WHAT YOU WILL DO - Go through the data below and retype all of it exactly.

RECORDS FOR THIS EXERCISE -
==============================
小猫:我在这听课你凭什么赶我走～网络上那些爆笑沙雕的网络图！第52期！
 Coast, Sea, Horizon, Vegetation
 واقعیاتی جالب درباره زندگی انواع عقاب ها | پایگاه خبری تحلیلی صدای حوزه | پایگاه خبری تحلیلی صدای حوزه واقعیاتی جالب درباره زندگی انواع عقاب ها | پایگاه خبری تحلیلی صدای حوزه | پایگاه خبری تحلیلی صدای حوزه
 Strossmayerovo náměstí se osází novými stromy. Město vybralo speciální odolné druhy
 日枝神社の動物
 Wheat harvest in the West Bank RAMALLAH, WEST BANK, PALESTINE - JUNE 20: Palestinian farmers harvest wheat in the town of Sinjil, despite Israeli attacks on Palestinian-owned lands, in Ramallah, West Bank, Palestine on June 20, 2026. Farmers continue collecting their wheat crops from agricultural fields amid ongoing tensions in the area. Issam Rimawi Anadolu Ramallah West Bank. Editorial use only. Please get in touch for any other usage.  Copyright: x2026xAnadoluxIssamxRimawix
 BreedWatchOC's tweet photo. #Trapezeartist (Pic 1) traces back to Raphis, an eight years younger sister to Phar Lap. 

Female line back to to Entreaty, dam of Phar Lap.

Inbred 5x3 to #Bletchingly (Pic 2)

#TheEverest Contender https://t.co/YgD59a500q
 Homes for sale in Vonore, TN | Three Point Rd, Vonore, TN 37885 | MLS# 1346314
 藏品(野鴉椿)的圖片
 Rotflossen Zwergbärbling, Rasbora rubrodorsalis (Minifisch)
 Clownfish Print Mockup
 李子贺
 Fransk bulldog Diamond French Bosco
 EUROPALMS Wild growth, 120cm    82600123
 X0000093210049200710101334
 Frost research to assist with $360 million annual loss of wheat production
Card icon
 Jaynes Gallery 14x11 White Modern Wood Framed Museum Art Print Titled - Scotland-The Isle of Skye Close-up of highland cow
==============================
ANSWER TO THE EXERCISE -
小猫:我在这听课你凭什么赶我走～网络上那些爆笑沙雕的网络图！第52期！
 Coast, Sea, Horizon, Vegetation
 واقعیاتی جالب درباره زندگی انواع عقاب ها | پایگاه خبری تحلیلی صدای حوزه | پایگاه خبری تحلیلی صدای حوزه واقعیاتی جالب درباره زندگی انواع عقاب ها | پایگاه خبری تحلیلی صدای حوزه | پایگاه خبری تحلیلی صدای حوزه
 Strossmayerovo náměstí se osází novými stromy. Město vybralo speciální odolné druhy
 日枝神社の動物
 Wheat harvest in the West Bank RAMALLAH, WEST BANK, PALESTINE - JUNE 20: Palestinian farmers harvest wheat in the town of Sinjil, despite Israeli attacks on Palestinian-owned lands, in Ramallah, West Bank, Palestine on June 20, 2026. Farmers continue collecting their wheat crops from agricultural fields amid ongoing tensions in the area. Issam Rimawi Anadolu Ramallah West Bank. Editorial use only. Please get in touch for any other usage.  Copyright: x2026xAnadoluxIssamxRimawix
 BreedWatchOC's tweet photo. #Trapezeartist (Pic 1) traces back to Raphis, an eight years younger sister to Phar Lap. 

Female line back to to Entreaty, dam of Phar Lap.

Inbred 5x3 to #Bletchingly (Pic 2)

#TheEverest Contender https://t.co/YgD59a500q
 Homes for sale in Vonore, TN | Three Point Rd, Vonore, TN 37885 | MLS# 1346314
 藏品(野鴉椿)的圖片
 Rotflossen Zwergbärbling, Rasbora rubrodorsalis (Minifisch)
 Clownfish Print Mockup
 李子贺
 Fransk bulldog Diamond French Bosco
 EUROPALMS Wild growth, 120cm    82600123
 X0000093210049200710101334
 Frost research to assist with $360 million annual loss of wheat production
Card icon
 Jaynes Gallery 14x11 White Modern Wood Framed Museum Art Print Titled - Scotland-The Isle of Skye Close-up of highland cow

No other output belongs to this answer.